Outpatient endoscopic totally extraperitoneal inguinal hernioplasty
- PMID: 15107218
- DOI: 10.1089/109264204322973862
Outpatient endoscopic totally extraperitoneal inguinal hernioplasty
Abstract
Background: Endoscopic totally extraperitoneal inguinal hernioplasty (TEP) has become an established treatment for the repair of inguinal hernia but its application as an outpatient procedure has not been widely adopted. The present study was undertaken to audit the outcomes of outpatient TEP.

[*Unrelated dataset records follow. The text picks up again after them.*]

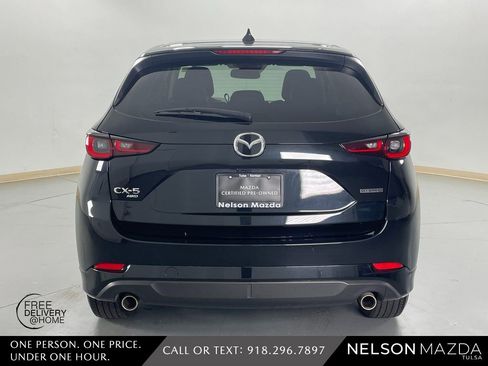 Certified 2025 MAZDA CX-5 AWD 2.5 S w/ Preferred Package image 7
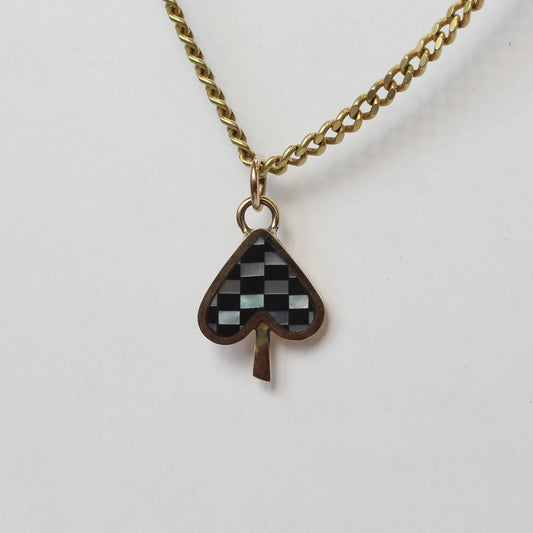 Checker Charm No. 62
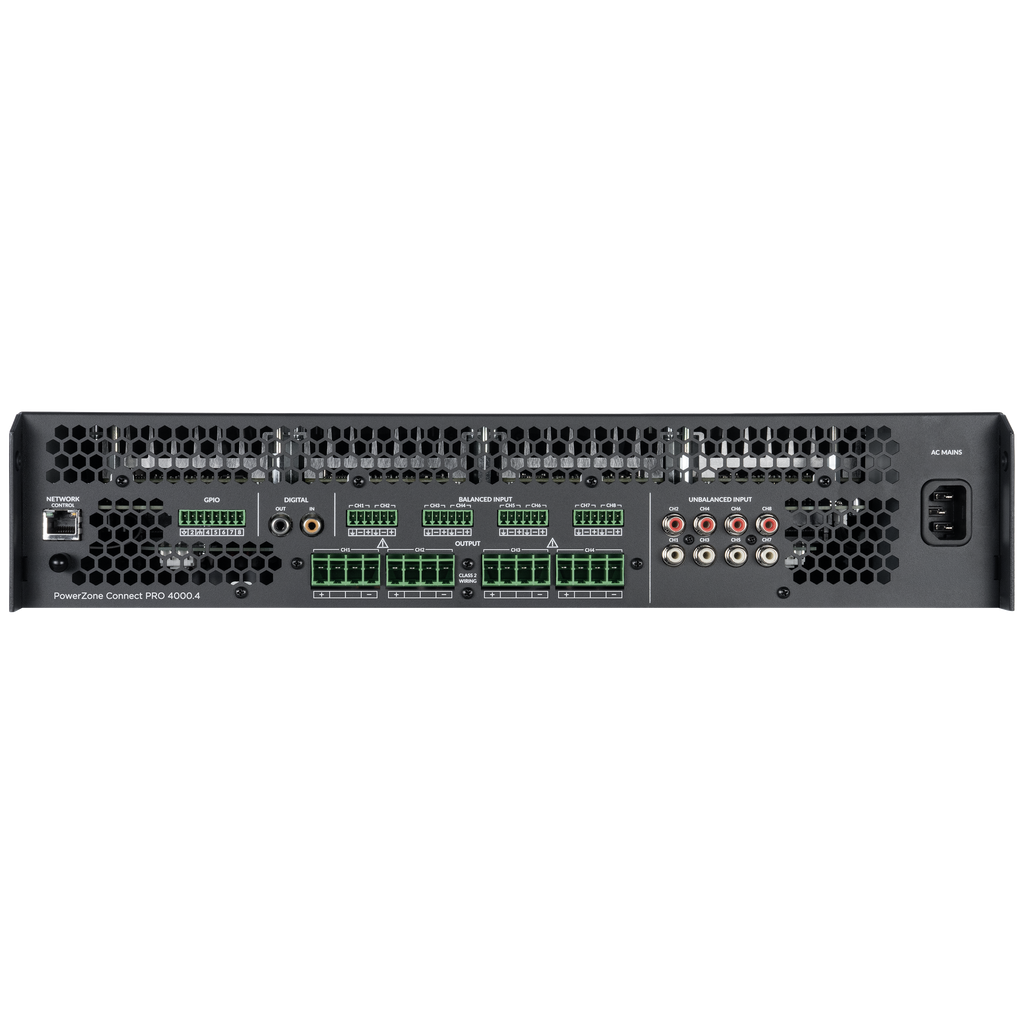Sonance PowerZone Connect PRO 4000.4 - official product image 3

Patients and methods: From March 2001 to May 2003, 102 consecutive patients with 114 inguinal hernias underwent outpatient TEP. The mean age of the study population was 55 years with a male to female ratio of 100:2. Perioperative details and postoperative outcomes were prospectively evaluated and analyzed.
Results: All TEP were successfully performed. Ninety-nine patients (97%) were discharged uneventfully on the day of operation. Three patients were admitted because of ECG changes (n = 2) and dizziness (n = 1). A single patient was readmitted on postoperative day (POD) 1 because of wound pain and vomiting. All these patients recovered uneventfully. One-third of the patients did not require any analgesia during the postoperative period. Postoperative morbidity included asymptomatic seroma (n = 12), mild scrotal bruising (n = 2), and fever (n = 1). These morbidities resolved spontaneously without the need for surgical intervention. Ninety-five patients (93%) resumed normal outdoor activities within one week.
Conclusions: Outpatient TEP was safe and effective with a success rate of 97%. Postoperative pain was mild and more than 90% of the patients resumed normal outdoor activities within a week. Outpatient TEP may emerge to become the preferred method for the management of inguinal hernia.